DFT Cluster Studies for the Aqueous Hydrogen Fluoride System

In order to identify the cross-association patterns that are likely to be found in the solution, the distribution of association patterns in (HF)_m(H₂O)_n clusters were investigated using cluster studies.  This study was performed at the mPW1B95/6-31+G(d,p) level of theory. A total of 214 optimized geometries of (HF)_m(H₂O)_n clusters, with m + n as high as 8, were investigated. The strongest H-bond interaction was reported to be the H₂O^…H–F interaction. It was also found that the larger (HF)_m(H2O)_n clusters and the clusters with equimolar contributions of HF and H₂O were preferred in the solution phase.  Some sample clusters are provided in Figure 1.

Figure 1: The figure on the left shows an 8-mer of equal composition forming a chair arrangement.  The figure on the right shows a bridge for an 8-mer formed by five HF molecules and three water molecules.

Aqueous-HF Mixtures:  Thermodynamic Models

We have explored fourteen HF models which comprise a variety of association schemes.  These models have been optimized through parameter fitting for the two-phase system and then tested versus various experimental data not used during parameterization.   

We explore the predictive ability of models for mixtures where only self-association is included.  These are provided in Figure 2 for the bubble and dew point curves at atmospheric pressure.  Figure 3 shows the prediction of heat effects for some self-association mixture models

Figure 2: A Txy diagram at 1 atm for the aqueous HF system for a variety of self-association models for hydrogen fluoride.

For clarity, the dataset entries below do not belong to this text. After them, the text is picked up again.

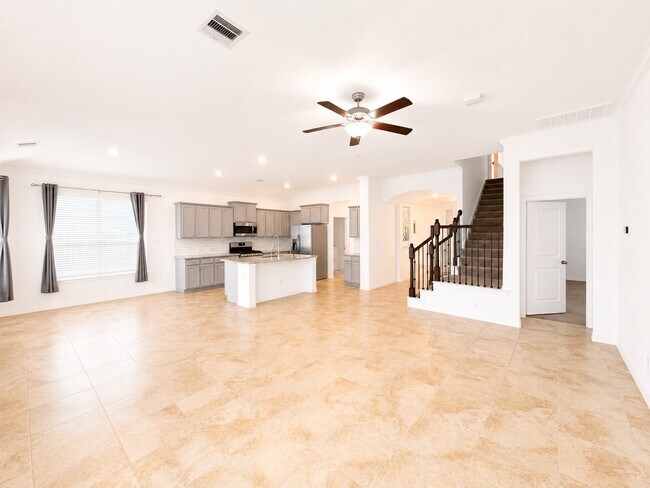Building Photo - 20015 Matador Ridge Dr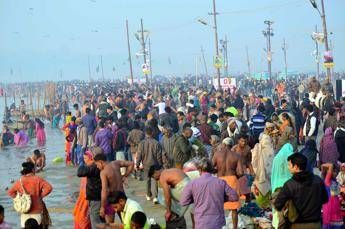 India, acqua del sacro Gange comprata online e recapitata a casa India, acqua del sacro Gange comprata online e recapitata a casa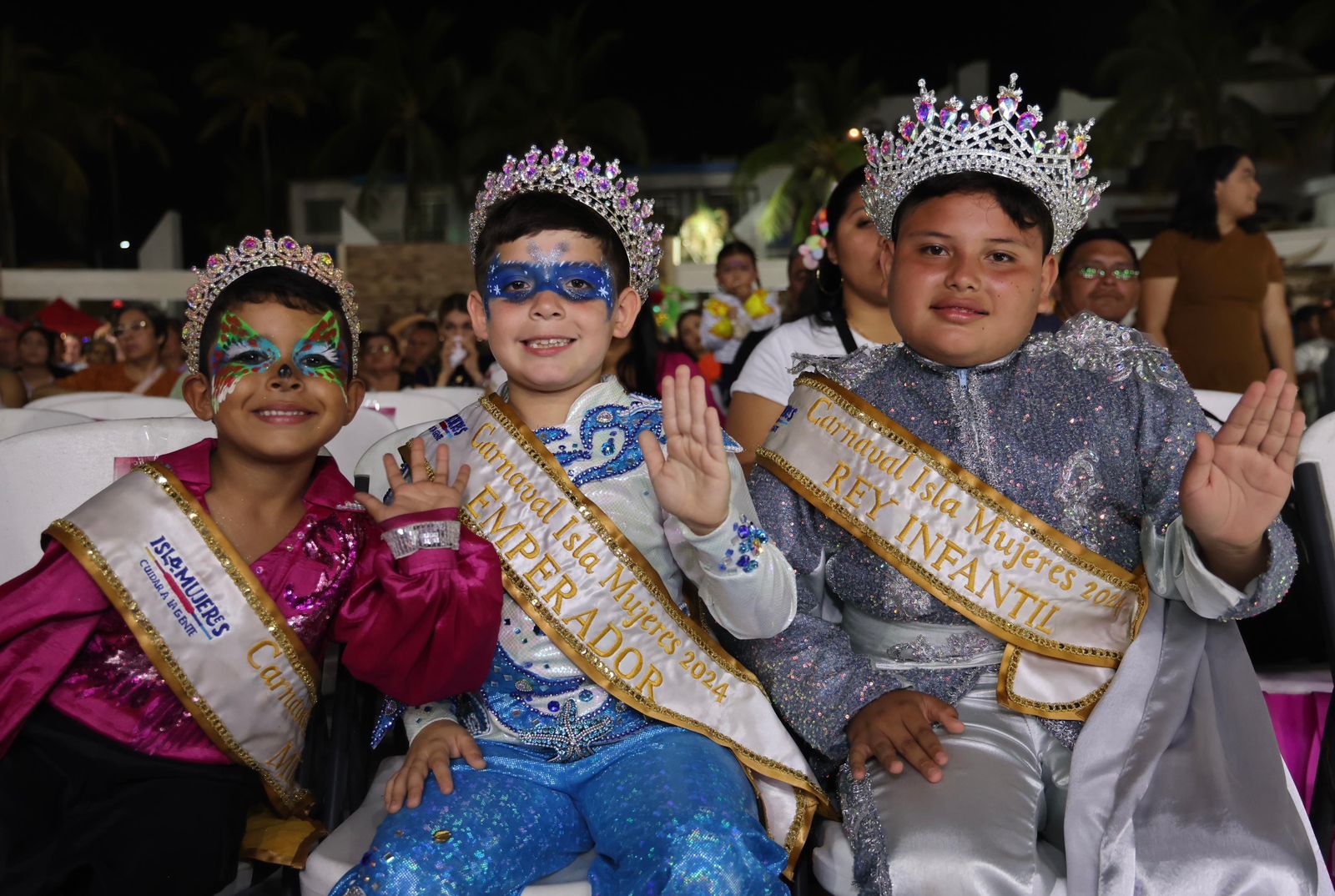 Exitosa presentación de las niñas y niños isleños durante la Noche de la Alegría en el Carnaval Fantasía Tropical 2024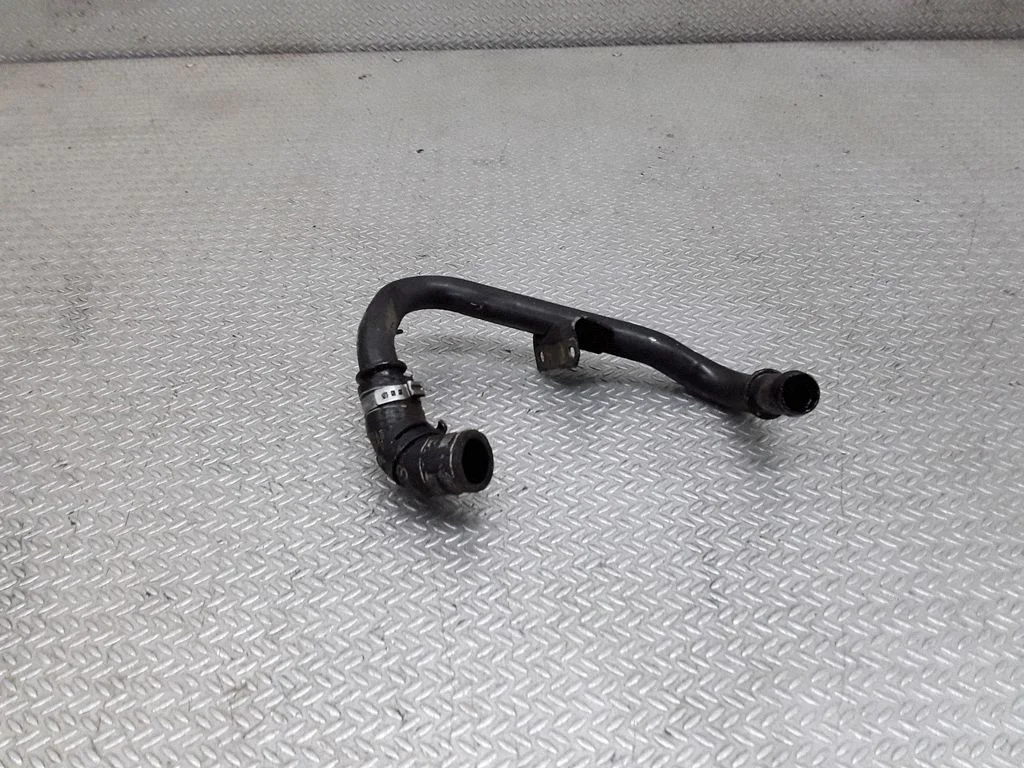 Engine coolant pipe/hose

Figure 3: Prediction of the heat of vaporization for the mixture as a function of mole fraction from a variety of models.  All perform poorly in the concentrated-HF region.

We have developed proper approaches and written codes to incorporate cross-association into the thermodynamic models.  This is being assessed through binary interaction parameters.  The less important this parameter is, the more predictive the model.  Work is on-going to identify the best models through this approach.  Knowledge of the DFT clustering studies has informed the cross-association models. Results are provided in Figure 4.  Here, only dimer cross-association has been included.

Figure 4: A Txy diagram at 1 atm for the aqueous HF system for a variety of self-association and cross-association models for hydrogen fluoride.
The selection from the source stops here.